Anyway, TL;DR - I didn't have to think about my first name much. My middle name was a bit more of a challenge, for sure. But Rain is putting a LOT more effort into this than I did. XD
As for the names mentioned, Allison is - if you recall from a few chapters ago - an actual character in the story. This is somewhat relevant. This was also actually touched on briefly in Chapter A (the bonus chapter of Volume 1).

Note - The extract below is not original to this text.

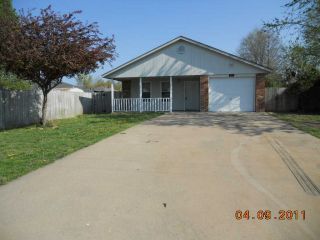 Foreclosed Home - 516 HILL CIR, 72719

The name Lydia however has never been mentioned in the comic. I don't know if it ever will again, in fact. That's just a little touch I added because I think it's my favorite name (but it doesn't feel like MY name). I always find myself wanting to use it in my stories, but kinda left it reserved for if I ever had a daughter. It may be moot now as I don't think that will happen at this point, but I just don't know if I'm ready to use it in a story yet. Good ol' writer's dilemma. XD
Finally, that last panel. I mean, it'd probably be weird if the main character who the comic is named after changed her name, but hey, stranger things have happened. Like she said, she's still got about five and a half months before her 18th birthday. If she's waiting for that to legally change her name, there's nothing stopping her from weighing her options in the meantime.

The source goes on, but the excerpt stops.